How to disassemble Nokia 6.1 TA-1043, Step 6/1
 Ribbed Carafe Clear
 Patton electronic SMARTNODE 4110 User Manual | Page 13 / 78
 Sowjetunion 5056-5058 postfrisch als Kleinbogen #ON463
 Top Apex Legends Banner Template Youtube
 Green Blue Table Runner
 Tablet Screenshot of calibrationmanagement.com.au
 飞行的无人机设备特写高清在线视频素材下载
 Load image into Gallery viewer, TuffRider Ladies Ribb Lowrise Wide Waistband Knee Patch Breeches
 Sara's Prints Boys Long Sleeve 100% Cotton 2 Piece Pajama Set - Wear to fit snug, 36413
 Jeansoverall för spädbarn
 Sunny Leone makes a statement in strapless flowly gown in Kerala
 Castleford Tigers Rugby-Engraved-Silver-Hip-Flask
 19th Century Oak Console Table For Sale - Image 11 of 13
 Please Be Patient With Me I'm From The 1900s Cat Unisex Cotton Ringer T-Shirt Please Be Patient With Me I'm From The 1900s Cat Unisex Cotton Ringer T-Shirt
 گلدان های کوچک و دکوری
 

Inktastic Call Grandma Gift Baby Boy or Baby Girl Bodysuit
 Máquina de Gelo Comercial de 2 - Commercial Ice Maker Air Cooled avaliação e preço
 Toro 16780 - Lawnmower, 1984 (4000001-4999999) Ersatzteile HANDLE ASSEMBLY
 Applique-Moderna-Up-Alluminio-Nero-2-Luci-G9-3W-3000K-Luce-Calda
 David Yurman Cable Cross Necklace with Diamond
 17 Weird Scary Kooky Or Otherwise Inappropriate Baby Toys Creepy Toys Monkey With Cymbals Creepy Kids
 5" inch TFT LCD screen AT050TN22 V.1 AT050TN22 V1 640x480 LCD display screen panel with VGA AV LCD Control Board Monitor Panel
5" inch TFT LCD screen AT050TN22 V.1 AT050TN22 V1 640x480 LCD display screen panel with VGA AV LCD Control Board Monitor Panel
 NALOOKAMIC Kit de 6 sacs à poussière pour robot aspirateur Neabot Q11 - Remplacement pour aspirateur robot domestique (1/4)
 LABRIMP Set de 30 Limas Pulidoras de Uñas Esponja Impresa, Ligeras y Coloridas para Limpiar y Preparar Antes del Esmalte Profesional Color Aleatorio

Aim of the exercise
Copy the entries exactly as they appear.

Reply
How to disassemble Nokia 6.1 TA-1043, Step 6/1
 Ribbed Carafe Clear
 Patton electronic SMARTNODE 4110 User Manual | Page 13 / 78
 Sowjetunion 5056-5058 postfrisch als Kleinbogen #ON463
 Top Apex Legends Banner Template Youtube
 Green Blue Table Runner
 Tablet Screenshot of calibrationmanagement.com.au
 飞行的无人机设备特写高清在线视频素材下载
 Load image into Gallery viewer, TuffRider Ladies Ribb Lowrise Wide Waistband Knee Patch Breeches
 Sara's Prints Boys Long Sleeve 100% Cotton 2 Piece Pajama Set - Wear to fit snug, 36413
 Jeansoverall för spädbarn
 Sunny Leone makes a statement in strapless flowly gown in Kerala
 Castleford Tigers Rugby-Engraved-Silver-Hip-Flask
 19th Century Oak Console Table For Sale - Image 11 of 13
 Please Be Patient With Me I'm From The 1900s Cat Unisex Cotton Ringer T-Shirt Please Be Patient With Me I'm From The 1900s Cat Unisex Cotton Ringer T-Shirt
 گلدان های کوچک و دکوری
 

Inktastic Call Grandma Gift Baby Boy or Baby Girl Bodysuit
 Máquina de Gelo Comercial de 2 - Commercial Ice Maker Air Cooled avaliação e preço
 Toro 16780 - Lawnmower, 1984 (4000001-4999999) Ersatzteile HANDLE ASSEMBLY
 Applique-Moderna-Up-Alluminio-Nero-2-Luci-G9-3W-3000K-Luce-Calda
 David Yurman Cable Cross Necklace with Diamond
 17 Weird Scary Kooky Or Otherwise Inappropriate Baby Toys Creepy Toys Monkey With Cymbals Creepy Kids
 5" inch TFT LCD screen AT050TN22 V.1 AT050TN22 V1 640x480 LCD display screen panel with VGA AV LCD Control Board Monitor Panel
5" inch TFT LCD screen AT050TN22 V.1 AT050TN22 V1 640x480 LCD display screen panel with VGA AV LCD Control Board Monitor Panel
 NALOOKAMIC Kit de 6 sacs à poussière pour robot aspirateur Neabot Q11 - Remplacement pour aspirateur robot domestique (1/4)
 LABRIMP Set de 30 Limas Pulidoras de Uñas Esponja Impresa, Ligeras y Coloridas para Limpiar y Preparar Antes del Esmalte Profesional Color Aleatorio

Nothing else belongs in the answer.